It is said, and also acknowledged by most Tibetans, that Tibetans usually don’t have a strong sense of time or rather punctuality. Therefore, it is very common or normal for Tibetans to be late by half an hour or more for an appointment. This kind of bad habit among Tibetans bothers me constantly and often makes me think further upon it. Thinking about it, I realize that this concept is rooted in the way Tibetans have measured time in history. In the meantime, those happy days of my childhood come back to me.
Today in almost every Tibetan family, except in some very remote areas, there are clocks to measure time. However, in the past, Tibetans roughly told the time from lots of things from nature instead of such a kind of apparatus. Obviously, through these ways they can roughly tell the time. These primitive ways of measuring time made it impossible to tell the exact time in terms of minutes and seconds. In Tibet, the most commonly used way is the cock cooing in the morning, the rising and falling of some special stars such as the phosphor and Gama Besang and the position of the sun in the daytime.
Being born and brought up in the countryside, I was fortunate to experience and observe such kinds of special cultural phenomenon. As I remember, in the morning we depended upon the cock coo to measure the time. When the adults decided to go for morning-work together, they would fix the time at “the first cock coo”, “the second cock coo”, or “the third cock coo” but never came up with the exact time as few families had a clock.. At that time, I couldn’t help worrying that whether the cocks in every family could coo at the same time and asked my mother about it. “Sure, the cocks had the instinct to tell the exact time and would coo almost at the same time”, she responded.
Apart from the cock coo, in the morning we measured time by phosphor, Tor Rerng Gerchin in Tibetan, which appears in the east of the sky at dawn. I clearly remember that when I was in primary school every morning my mother would wake me up and ask me to go for checking if the Tor Rerng Gerchin had showed up in the east sky. I loved that part of job as this was a very good opportunity for me to gain mother’s favor towards me. I loved to hear mother telling others, “Chung La is a good child and is not idle at all . She will get up immediately as soon as I wake her up in the morning.” Then, if Tor Rerng Gerchin was there, I should wake up my elder sister, Tashi Bedan, who was always the first one in my family to get up. She would then do a series of housework such as fetch water from the river, clear the ashes from the homemade earthen hearth, boil water, brew tea and then make butter tea and so on. Sometimes I had to get up twice or even three times for the star hadn’t shown up in the sky. But I did my job without any complaint.

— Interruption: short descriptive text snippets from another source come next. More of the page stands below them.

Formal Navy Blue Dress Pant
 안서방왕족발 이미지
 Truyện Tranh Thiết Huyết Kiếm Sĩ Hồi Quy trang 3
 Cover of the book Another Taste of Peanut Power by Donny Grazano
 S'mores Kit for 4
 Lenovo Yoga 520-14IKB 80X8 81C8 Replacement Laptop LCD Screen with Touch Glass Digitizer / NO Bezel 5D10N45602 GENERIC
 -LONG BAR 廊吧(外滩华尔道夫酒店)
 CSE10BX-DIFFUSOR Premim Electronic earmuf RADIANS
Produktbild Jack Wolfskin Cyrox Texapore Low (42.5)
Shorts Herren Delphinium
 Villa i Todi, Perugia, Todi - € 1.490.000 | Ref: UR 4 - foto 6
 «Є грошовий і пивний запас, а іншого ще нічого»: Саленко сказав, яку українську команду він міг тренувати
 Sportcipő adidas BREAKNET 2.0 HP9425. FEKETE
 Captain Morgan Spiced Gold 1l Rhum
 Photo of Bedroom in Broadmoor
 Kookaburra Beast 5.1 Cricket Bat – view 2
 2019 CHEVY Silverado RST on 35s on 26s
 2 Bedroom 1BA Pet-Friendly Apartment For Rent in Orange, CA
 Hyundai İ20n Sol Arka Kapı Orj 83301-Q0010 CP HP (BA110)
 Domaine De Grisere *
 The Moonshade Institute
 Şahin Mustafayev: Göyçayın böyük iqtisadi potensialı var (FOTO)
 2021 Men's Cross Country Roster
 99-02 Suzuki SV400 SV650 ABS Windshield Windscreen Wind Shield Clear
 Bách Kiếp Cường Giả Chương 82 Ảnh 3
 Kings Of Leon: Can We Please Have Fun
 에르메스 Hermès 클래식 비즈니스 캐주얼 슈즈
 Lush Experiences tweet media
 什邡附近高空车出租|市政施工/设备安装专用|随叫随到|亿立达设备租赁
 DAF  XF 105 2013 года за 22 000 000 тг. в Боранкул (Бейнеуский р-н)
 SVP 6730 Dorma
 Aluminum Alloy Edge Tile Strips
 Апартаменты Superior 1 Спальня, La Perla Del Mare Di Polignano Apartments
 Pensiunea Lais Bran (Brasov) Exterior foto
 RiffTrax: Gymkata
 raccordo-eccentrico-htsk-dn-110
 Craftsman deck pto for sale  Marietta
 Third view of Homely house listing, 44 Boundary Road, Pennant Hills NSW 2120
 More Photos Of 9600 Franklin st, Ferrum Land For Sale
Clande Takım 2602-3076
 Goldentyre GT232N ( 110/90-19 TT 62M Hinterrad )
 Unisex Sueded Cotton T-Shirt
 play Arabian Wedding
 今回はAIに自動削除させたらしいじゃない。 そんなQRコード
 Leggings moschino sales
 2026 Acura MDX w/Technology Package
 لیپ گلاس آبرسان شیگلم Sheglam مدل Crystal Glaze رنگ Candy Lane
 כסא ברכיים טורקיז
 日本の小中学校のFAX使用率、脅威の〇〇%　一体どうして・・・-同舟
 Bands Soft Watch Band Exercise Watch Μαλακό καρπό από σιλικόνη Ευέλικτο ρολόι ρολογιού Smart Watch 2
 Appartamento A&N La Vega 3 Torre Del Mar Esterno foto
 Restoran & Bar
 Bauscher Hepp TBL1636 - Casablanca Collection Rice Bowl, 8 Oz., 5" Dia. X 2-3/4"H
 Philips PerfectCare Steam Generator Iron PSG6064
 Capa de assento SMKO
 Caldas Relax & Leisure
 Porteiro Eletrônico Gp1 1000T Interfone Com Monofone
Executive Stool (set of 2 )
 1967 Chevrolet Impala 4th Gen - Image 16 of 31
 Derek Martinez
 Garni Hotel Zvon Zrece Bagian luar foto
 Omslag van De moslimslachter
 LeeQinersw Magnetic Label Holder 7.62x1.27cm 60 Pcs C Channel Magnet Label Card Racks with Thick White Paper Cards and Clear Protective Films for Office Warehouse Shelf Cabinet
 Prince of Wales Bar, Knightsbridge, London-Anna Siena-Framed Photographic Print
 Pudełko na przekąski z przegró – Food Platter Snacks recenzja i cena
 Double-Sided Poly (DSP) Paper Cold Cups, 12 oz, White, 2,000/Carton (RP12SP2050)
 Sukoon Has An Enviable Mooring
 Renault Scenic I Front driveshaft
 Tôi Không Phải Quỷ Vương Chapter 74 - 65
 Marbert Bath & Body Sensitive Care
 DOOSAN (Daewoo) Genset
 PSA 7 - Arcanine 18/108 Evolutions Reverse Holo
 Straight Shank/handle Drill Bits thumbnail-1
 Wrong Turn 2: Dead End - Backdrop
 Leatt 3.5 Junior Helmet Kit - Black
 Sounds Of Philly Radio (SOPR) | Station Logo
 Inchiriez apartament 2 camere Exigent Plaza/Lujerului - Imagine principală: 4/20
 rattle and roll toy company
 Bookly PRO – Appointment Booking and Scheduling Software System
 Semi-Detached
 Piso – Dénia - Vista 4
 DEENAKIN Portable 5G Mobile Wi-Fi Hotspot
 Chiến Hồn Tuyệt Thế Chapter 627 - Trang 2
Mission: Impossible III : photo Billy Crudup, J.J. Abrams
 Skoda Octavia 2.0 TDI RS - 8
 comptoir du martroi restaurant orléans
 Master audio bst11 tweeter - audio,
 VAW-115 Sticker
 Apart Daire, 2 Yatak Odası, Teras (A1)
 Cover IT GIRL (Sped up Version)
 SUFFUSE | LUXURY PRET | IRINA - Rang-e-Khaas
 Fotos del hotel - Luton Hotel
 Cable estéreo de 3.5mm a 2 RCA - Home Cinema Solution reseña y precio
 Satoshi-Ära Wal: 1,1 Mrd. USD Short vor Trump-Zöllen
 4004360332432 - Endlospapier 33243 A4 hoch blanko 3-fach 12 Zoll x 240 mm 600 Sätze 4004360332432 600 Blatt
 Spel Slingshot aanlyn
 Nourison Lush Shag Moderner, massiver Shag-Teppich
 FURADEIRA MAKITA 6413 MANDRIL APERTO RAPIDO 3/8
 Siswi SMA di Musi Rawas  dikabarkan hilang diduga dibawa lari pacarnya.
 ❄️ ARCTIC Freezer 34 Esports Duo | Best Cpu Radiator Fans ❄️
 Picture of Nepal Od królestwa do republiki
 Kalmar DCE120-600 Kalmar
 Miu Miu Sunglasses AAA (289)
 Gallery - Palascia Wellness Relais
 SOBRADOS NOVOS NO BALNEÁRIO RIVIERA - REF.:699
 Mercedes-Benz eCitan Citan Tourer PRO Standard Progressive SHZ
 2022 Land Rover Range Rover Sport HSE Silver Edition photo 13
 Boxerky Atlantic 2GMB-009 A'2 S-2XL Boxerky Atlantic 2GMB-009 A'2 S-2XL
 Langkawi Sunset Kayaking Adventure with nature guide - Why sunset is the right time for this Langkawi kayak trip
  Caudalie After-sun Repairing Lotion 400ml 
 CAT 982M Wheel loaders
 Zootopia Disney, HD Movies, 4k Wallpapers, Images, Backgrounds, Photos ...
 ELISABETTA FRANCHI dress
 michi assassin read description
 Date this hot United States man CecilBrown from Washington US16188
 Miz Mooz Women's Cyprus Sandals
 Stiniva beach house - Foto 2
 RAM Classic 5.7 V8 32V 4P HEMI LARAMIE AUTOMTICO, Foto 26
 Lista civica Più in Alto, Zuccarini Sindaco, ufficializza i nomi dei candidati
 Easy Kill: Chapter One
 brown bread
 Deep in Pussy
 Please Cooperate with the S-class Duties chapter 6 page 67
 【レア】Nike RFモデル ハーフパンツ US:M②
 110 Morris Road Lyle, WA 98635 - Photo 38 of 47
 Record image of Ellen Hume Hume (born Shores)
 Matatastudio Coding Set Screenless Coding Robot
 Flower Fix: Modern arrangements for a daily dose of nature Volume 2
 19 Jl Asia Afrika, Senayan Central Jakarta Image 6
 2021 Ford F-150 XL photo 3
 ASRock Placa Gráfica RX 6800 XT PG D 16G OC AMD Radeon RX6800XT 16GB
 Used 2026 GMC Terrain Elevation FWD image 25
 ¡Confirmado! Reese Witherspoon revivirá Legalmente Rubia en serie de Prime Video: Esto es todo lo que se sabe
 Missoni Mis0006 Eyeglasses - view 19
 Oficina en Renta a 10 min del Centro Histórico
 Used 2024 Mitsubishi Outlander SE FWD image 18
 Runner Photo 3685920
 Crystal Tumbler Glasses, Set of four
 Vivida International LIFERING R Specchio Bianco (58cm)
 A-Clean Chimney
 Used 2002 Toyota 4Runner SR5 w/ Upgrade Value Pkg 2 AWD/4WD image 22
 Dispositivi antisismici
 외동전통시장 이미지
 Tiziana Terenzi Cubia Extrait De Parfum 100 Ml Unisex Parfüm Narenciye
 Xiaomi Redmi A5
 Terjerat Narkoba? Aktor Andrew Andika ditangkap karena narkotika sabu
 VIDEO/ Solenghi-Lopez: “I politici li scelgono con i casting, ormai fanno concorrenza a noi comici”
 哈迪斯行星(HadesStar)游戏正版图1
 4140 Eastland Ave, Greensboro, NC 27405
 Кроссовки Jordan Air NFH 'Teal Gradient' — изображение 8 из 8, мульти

In the daytime, we told the time from the position of the sun in the sky. Merely a child, I went to gaze at our flocks and herds in the grassland with adults like my mother and grandfather. Sometimes I went willingly and sometimes I had to due to the lack of labor in the family. Grandfather, as the most acknowledgeable man in my eyes at that time, told me when we should leave for grazing, when we should make our dinner when we should give water to the cows and sheep or when we should collect them and go home by estimating the different positions of the sun during the day. Fortunately, due to the non-polluted atmosphere of Tibet, cloudy weather is rare in Tibet or even if it’s cloudy we can still see the sun.
Gama Pasang was another star to play the role of time measurement. This star often falls when other stars begin to sparkle in the sky one by one around the dusk time. My playmates and I would play games regardless of the approaching blackness. So usually the mothers would come to ask the children to go home, saying “we have to go home now, it’s been a long time since Gama Pasang fell...”
How time flies! And I am no longer the happy little girl who was gazing at the grassland with her grandfather who passed away two years ago. Nowadays, although there are many clocks of different designs in my family. I miss the old time measurement; I miss the Tor Rerng Gerchin and Gama Basang whose existence I almost forgot about after leaving my home village over a decade ago; I miss those days which were careless and close to nature; I miss those days with my grandfather in the vast grassland or farmer fields. How I wish I could go back to those happy times.
This article was written in English by a Tibetan student in Beijing in March 2007.